▶ DESCRIPTION OF THE TASK
Print all of the data exactly, but drop the pictures.

[Image-text web data]
==========
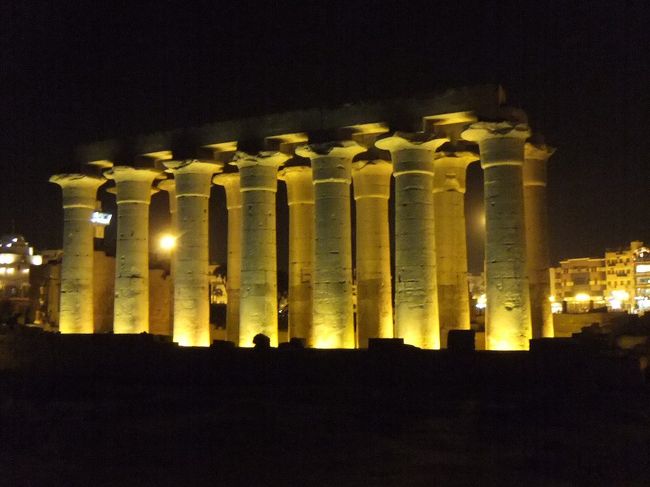 続いて大列柱廊があって、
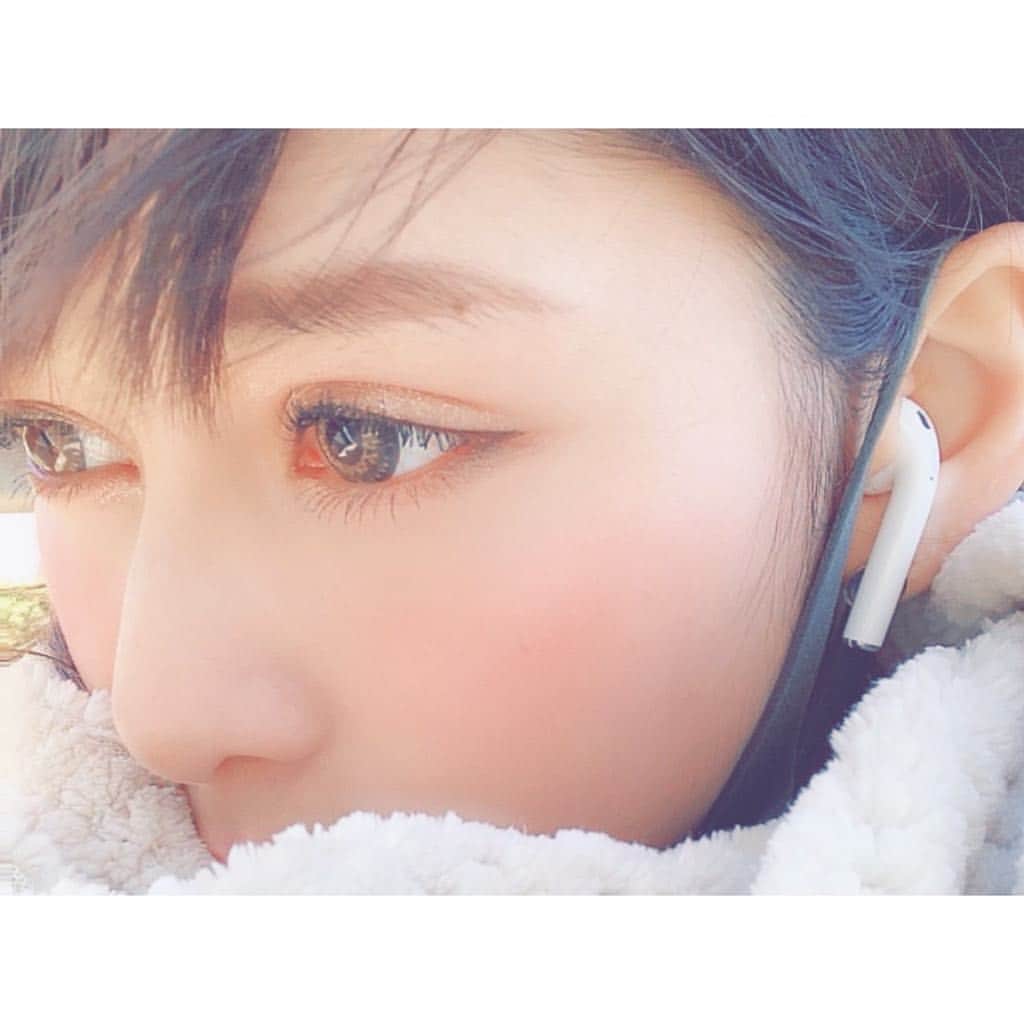アンジェラ芽衣さんのインスタグラム写真 - (アンジェラ芽衣Instagram)「寒い中で触り心地の良いふかふかのマフラーに顔を埋めるのが好きだったんだけどもう暖かいからそれもお預けだな😳﻿ 気持ち切り替えて春ファッション楽しも〜〜！﻿ ﻿ #アンジェラ芽衣 #2019 #2019年 #自撮り #selfie #selfie #写真 #photo #冬に未練ありすぎ #着れない時ほど着たくなる #分かる？」3月20日 19時01分 - ange_la00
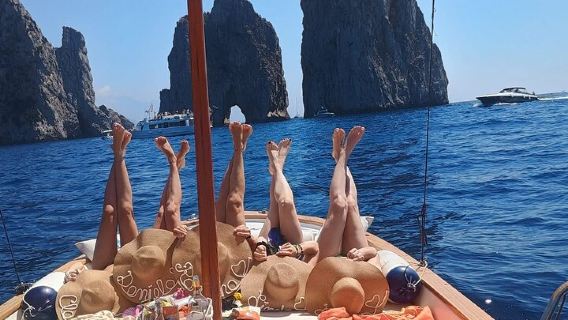 Boat Tour of the Caves on the Island of Capri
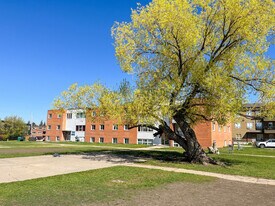 Greystone Court in Saskatoon, SK - Building Photo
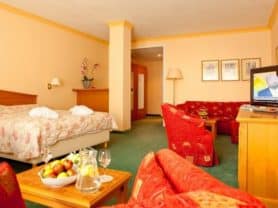 Подарите себе отдых в Чехии! ✈ Большой выбор горящих туров и путевок в Чехию от туроператора All-Czech. ✓Оптимальные цены. Звоните сейчас ☎ (044) 592-68-22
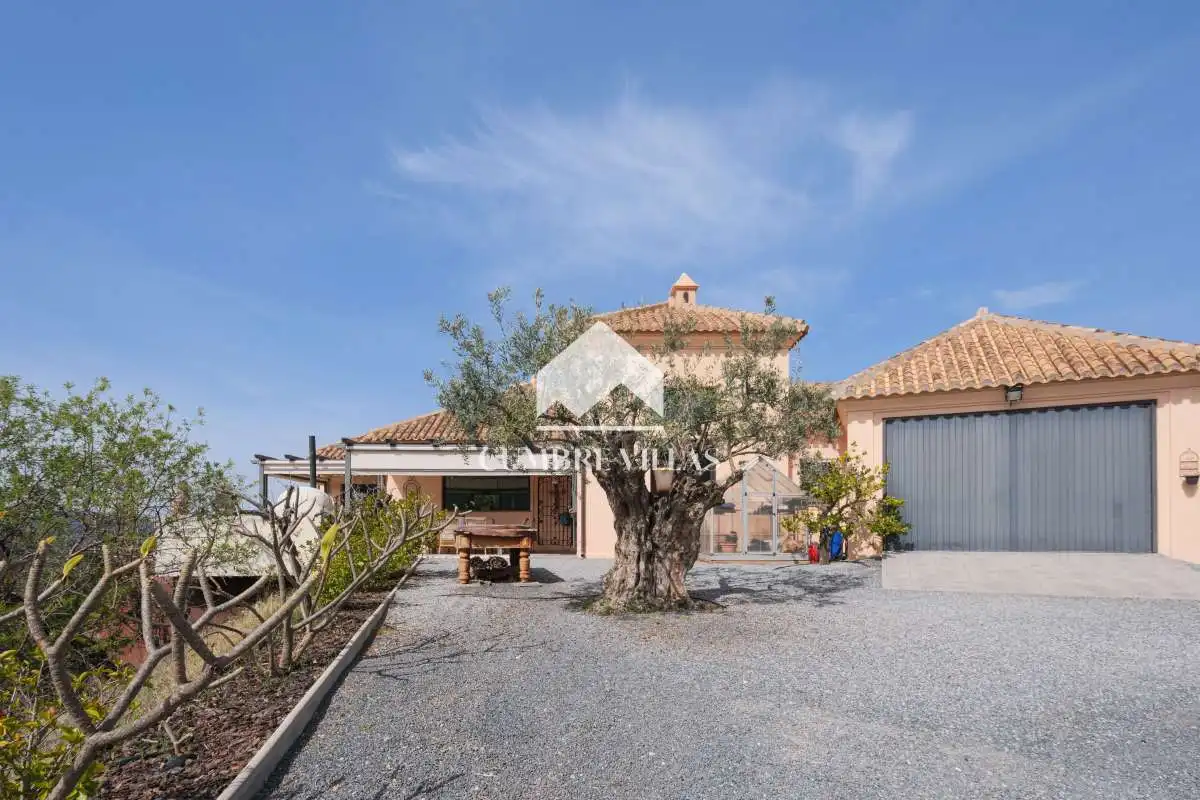 Casa rústica amb jardí en venda a Ítrabo, imagen 64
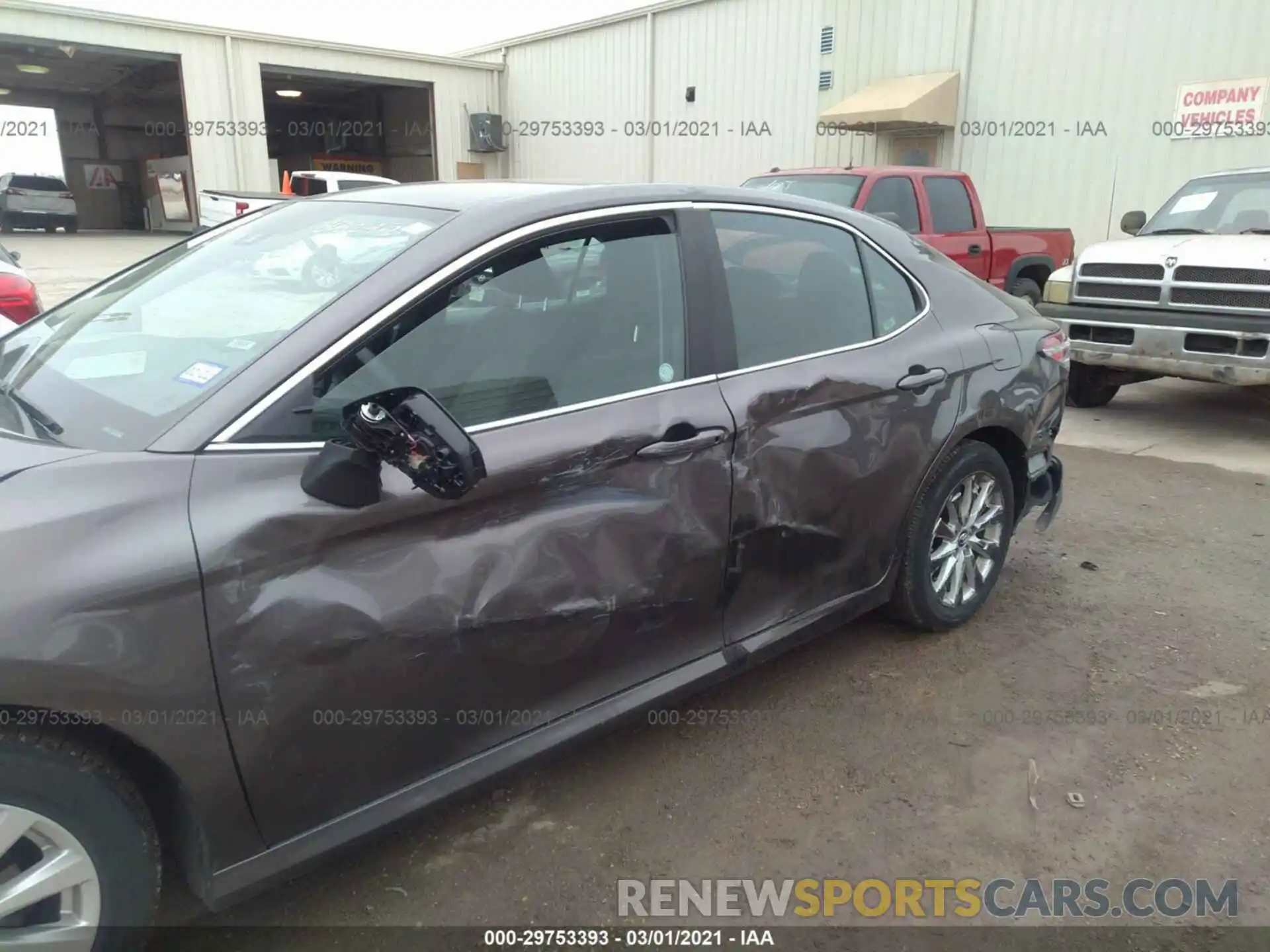 6 Photograph of a damaged car 4T1C11AKXLU944896 TOYOTA CAMRY 2020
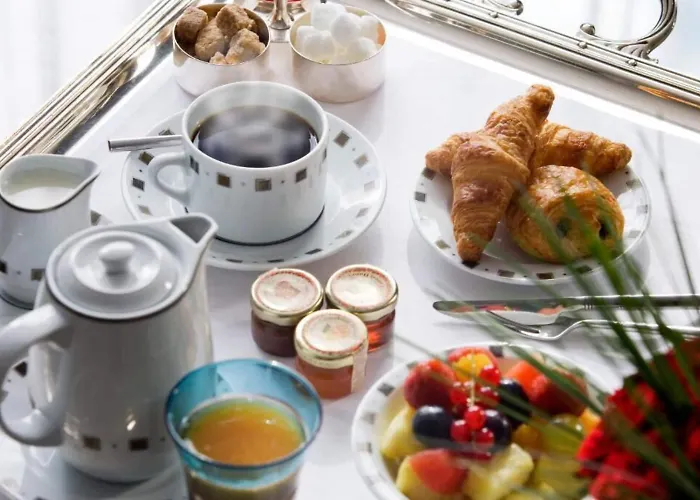 Warwick Champs-elysees Париж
==========
▶ ANSWER SECTION
 続いて大列柱廊があって、
アンジェラ芽衣さんのインスタグラム写真 - (アンジェラ芽衣Instagram)「寒い中で触り心地の良いふかふかのマフラーに顔を埋めるのが好きだったんだけどもう暖かいからそれもお預けだな😳﻿ 気持ち切り替えて春ファッション楽しも〜〜！﻿ ﻿ #アンジェラ芽衣 #2019 #2019年 #自撮り #selfie #selfie #写真 #photo #冬に未練ありすぎ #着れない時ほど着たくなる #分かる？」3月20日 19時01分 - ange_la00
 Boat Tour of the Caves on the Island of Capri
 Greystone Court in Saskatoon, SK - Building Photo
 Подарите себе отдых в Чехии! ✈ Большой выбор горящих туров и путевок в Чехию от туроператора All-Czech. ✓Оптимальные цены. Звоните сейчас ☎ (044) 592-68-22
 Casa rústica amb jardí en venda a Ítrabo, imagen 64
 6 Photograph of a damaged car 4T1C11AKXLU944896 TOYOTA CAMRY 2020
 Warwick Champs-elysees Париж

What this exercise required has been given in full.